--- EXTRACTED INFORMATION ---

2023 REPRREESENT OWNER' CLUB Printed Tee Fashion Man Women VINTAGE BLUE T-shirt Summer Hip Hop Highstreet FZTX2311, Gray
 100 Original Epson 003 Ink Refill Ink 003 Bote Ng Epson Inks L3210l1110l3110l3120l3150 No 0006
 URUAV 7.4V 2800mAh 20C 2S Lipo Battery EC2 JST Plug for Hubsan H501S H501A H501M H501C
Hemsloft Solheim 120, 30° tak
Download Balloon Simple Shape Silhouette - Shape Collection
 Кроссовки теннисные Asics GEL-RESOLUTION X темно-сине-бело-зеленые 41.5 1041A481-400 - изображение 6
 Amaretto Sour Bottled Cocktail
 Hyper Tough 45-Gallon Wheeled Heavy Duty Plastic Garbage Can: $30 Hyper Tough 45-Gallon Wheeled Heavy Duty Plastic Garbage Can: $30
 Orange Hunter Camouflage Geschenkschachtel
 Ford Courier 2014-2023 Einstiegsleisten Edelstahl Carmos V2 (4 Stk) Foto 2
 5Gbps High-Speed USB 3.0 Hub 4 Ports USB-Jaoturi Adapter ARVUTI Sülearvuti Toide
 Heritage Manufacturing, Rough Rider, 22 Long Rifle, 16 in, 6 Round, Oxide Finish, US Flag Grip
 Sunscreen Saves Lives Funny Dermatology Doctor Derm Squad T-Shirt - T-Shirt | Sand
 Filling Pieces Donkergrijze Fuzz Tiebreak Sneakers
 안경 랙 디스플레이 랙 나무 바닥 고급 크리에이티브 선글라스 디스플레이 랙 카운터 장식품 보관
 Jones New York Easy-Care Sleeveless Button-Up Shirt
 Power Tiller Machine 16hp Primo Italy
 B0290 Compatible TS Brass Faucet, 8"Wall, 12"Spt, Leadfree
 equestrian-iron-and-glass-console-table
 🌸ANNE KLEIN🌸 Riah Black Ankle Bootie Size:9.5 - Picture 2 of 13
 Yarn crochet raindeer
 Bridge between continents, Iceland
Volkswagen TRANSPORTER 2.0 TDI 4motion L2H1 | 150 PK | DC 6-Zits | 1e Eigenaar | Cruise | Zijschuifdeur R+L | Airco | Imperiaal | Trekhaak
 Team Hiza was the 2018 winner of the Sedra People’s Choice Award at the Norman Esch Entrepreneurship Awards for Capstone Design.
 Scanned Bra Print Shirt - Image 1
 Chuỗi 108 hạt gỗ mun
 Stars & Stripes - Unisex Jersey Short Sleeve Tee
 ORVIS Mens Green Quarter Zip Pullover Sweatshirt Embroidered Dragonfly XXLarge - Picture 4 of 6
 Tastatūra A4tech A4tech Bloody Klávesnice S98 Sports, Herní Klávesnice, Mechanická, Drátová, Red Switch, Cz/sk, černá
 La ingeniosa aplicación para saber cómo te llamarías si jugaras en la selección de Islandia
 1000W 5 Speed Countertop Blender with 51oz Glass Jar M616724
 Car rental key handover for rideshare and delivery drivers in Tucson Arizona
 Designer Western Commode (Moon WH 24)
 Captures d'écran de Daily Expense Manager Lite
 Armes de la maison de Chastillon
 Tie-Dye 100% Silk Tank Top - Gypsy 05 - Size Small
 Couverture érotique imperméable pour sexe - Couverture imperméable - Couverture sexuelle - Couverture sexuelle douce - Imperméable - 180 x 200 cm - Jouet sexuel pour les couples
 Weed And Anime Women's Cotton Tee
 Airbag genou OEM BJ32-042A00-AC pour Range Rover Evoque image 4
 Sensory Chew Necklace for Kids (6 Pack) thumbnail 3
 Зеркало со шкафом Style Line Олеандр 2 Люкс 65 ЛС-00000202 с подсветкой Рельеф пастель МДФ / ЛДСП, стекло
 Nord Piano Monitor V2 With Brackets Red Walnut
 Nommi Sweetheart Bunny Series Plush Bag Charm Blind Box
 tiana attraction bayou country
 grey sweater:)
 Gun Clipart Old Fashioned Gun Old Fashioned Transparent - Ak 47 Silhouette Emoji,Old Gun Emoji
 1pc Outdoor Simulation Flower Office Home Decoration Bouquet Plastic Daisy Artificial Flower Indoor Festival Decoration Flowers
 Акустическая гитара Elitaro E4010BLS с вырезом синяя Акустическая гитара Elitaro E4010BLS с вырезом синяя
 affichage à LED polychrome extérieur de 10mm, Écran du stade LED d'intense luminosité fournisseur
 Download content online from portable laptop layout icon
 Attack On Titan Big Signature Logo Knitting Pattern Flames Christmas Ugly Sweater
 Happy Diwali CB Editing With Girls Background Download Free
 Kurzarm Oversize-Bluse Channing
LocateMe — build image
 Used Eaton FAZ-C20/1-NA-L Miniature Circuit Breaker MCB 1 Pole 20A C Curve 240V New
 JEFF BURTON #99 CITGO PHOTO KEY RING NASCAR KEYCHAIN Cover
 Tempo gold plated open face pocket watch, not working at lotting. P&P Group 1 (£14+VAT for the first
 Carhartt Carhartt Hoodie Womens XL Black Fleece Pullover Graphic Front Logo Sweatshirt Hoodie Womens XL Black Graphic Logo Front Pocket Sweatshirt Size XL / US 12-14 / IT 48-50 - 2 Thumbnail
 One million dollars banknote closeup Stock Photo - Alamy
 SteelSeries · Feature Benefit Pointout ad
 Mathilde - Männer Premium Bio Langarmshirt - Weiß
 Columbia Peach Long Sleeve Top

---

◆ EXERCISE DETAILS ◆
Where in the records does the word "Long" appear? Copy each line that holds it.

◆ YOUR RESPONSE ◆
 Heritage Manufacturing, Rough Rider, 22 Long Rifle, 16 in, 6 Round, Oxide Finish, US Flag Grip
 Columbia Peach Long Sleeve Top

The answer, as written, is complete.